Despite the new supply, prices are high.
In New York, Amazon would spend about $2.5 billion to create an 8.5 million square foot campus on the East River waterfront facing Manhattan from Long Island City, a location close to both LaGuardia and John F. Kennedy International Airports, with access to Manhattan via a 10-minute ferry ride and several subway lines.
"This is by far the biggest jobs deal in the history of New York City", said de Blasio, who added that the tax revenue from Amazon would "open up a huge number of doors for economic development" and help "keep this a city that supports everyone".
Amazon's search for a second headquarters captured the attention of almost every economic development agency in the country, with more than 200 submitting bids to land what had originally been described as 50,000 jobs and billions in investment.
In this case, the ability to recruit highly educated workers seemed to be the top concern, said Mark Muro, a senior fellow at the Brookings Institution, a think tank in Washington.
Still, on the surface, the deal appears to be better than most. Both New York and Arlington will see roughly 25,000 new job openings.
Long Island City and Crystal City would meet Amazon's other requirements: be near a metropolitan area with more than a million people; be within 45 minutes of an worldwide airport; have direct access to mass transit; and have room to expand. Virginia's is the 26th, just above the $750 million deal Solar City secured to build a factory in Buffalo in 2014.
"Amazon is making enormous investments in warehousing, regional hubs and in retail stores".

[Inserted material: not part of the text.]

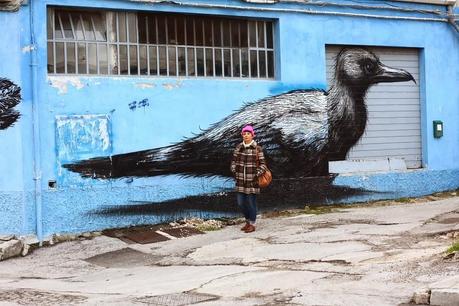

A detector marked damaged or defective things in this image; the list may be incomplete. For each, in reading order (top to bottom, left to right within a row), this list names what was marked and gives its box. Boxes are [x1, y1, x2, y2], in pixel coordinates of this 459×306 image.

Amazon will boost its presence around New York City and the nation's capital while also giving it more of a foothold in the centre of the country as it seeks to gain a recruiting edge over Silicon Valley tech companies. That's based on a tax credit of $3,000 for each new employee. That includes a cash grant of $23 million over 15 years based on the incremental growth of existing tax on hotel rooms. Views of listings in Crystal City, which is much smaller and will only have a portion of Amazon's offices in northern Virginia, were up 217 per cent year over year. This decision comes after more than a year of Amazon playing the options game, hearing what pretty much every city in America was willing to offer, behind closed doors, protected by the confidentiality of non-disclosure agreements.
But Amazon's final selections suggest that all the subsidies and giveaways probably weren't needed, some economists said.
Already, a NY state legislator has signaled he plans to introduce a bill to block the deal by phasing out the economic incentive statutes upon which the agreement is based.
"At the end of the day I think it's neutral", Webb said. "Even the biggest subsidies you can imagine really don't sway these kinds of decisions". "Instead, Amazon should pay its fair share of taxes for the privilege of locating in one of the greatest cities in the world, and taking advantage of all we have to offer".
Amazon executives were drawn to the sizable pools of well-educated and skilled workers in the two areas, which they chose over 18 other finalists with housing that has generally been less expensive.
"We just caught a huge breath of fresh air - it's like someone just resuscitated us", Austad said.
The announcement concludes a 14-month long national frenzy, in which communities went out of their way to capture Amazon's attention. On MARTA, the city of Atlanta's public-transportation system, an Amazon-only vehicle would have distributed the company's products.
"We won the real estate broker lotto", said Benaim.